Exercise directions: Everything from the line containing "Members Only Members" through the line containing "thumbnail image 2" in the listing below should be copied exactly, and nothing more.

::: Given information :::

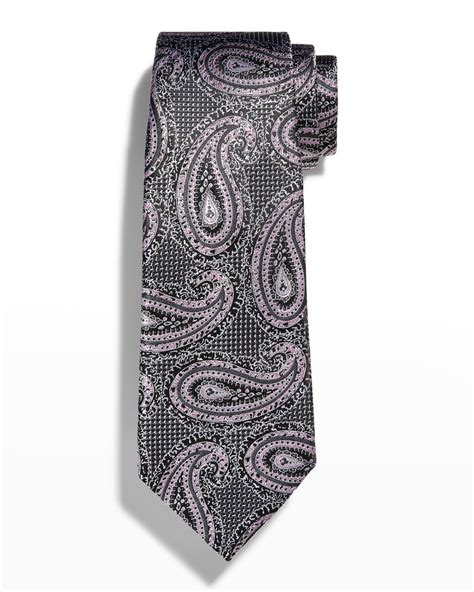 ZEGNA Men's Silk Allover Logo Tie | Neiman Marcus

:::
::: Given information :::

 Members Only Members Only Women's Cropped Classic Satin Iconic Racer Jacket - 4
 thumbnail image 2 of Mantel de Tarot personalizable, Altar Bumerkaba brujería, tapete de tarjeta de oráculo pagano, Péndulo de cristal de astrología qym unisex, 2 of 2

:::

The answer:
 Members Only Members Only Women's Cropped Classic Satin Iconic Racer Jacket - 4
 thumbnail image 2 of Mantel de Tarot personalizable, Altar Bumerkaba brujería, tapete de tarjeta de oráculo pagano, Péndulo de cristal de astrología qym unisex, 2 of 2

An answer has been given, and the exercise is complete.